■ **Supplied material**:
- - - - - - -
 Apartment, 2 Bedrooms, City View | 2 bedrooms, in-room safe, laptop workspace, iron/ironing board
- - - - - - -
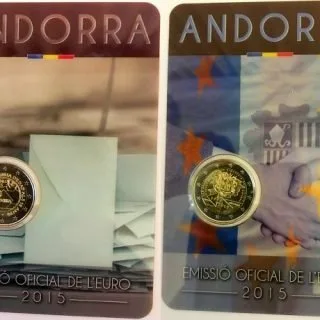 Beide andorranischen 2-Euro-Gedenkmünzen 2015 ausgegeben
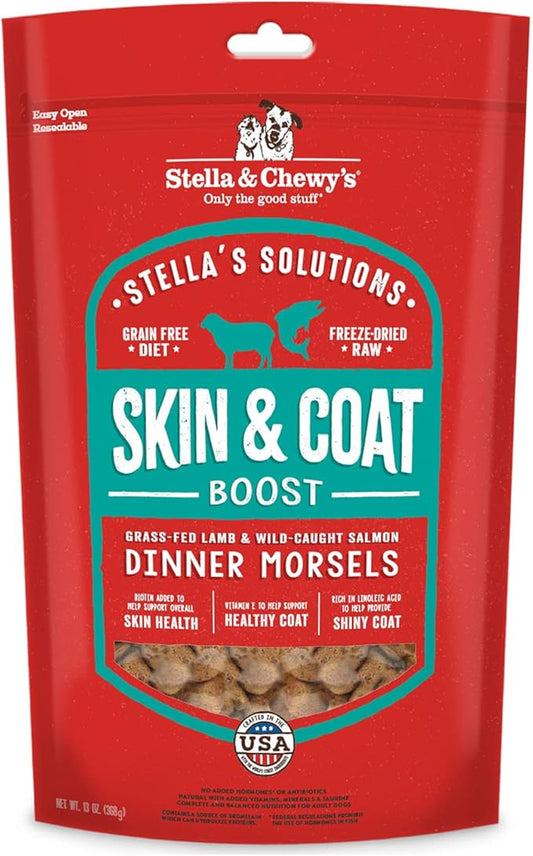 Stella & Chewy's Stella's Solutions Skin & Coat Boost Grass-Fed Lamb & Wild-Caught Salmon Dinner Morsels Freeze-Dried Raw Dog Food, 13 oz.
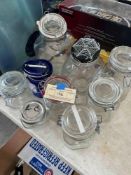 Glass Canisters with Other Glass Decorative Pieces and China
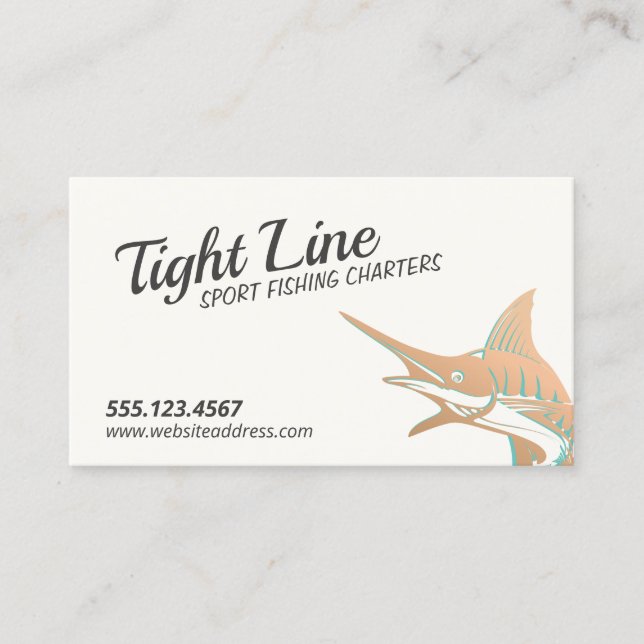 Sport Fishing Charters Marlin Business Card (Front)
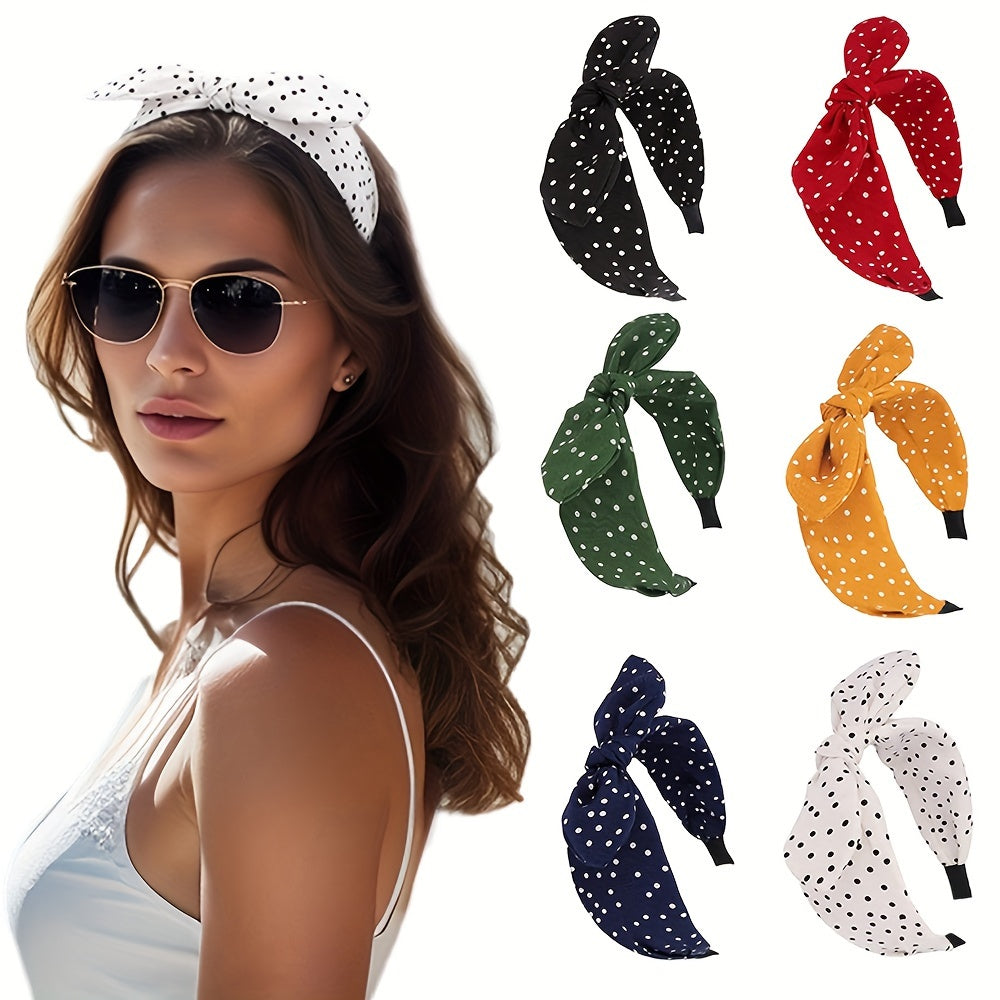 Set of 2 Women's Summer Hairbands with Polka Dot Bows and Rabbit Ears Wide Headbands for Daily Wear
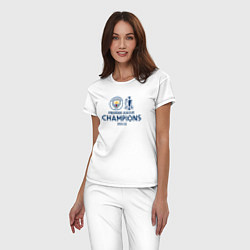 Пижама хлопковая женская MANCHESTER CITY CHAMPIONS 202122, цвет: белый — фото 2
- - - - - - -
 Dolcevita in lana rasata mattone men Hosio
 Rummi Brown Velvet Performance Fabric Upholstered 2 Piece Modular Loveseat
- - - - - - -
■ **Exercise instructions**: Above are entries with pictures among them. Write out exactly the lines from the one containing "Sport Fishing Charters" through the one containing "Пижама хлопковая женская", ends included, and leave those pictures out.

■ **Finished exercise**:
 Sport Fishing Charters Marlin Business Card (Front)
 Set of 2 Women's Summer Hairbands with Polka Dot Bows and Rabbit Ears Wide Headbands for Daily Wear
 Пижама хлопковая женская MANCHESTER CITY CHAMPIONS 202122, цвет: белый — фото 2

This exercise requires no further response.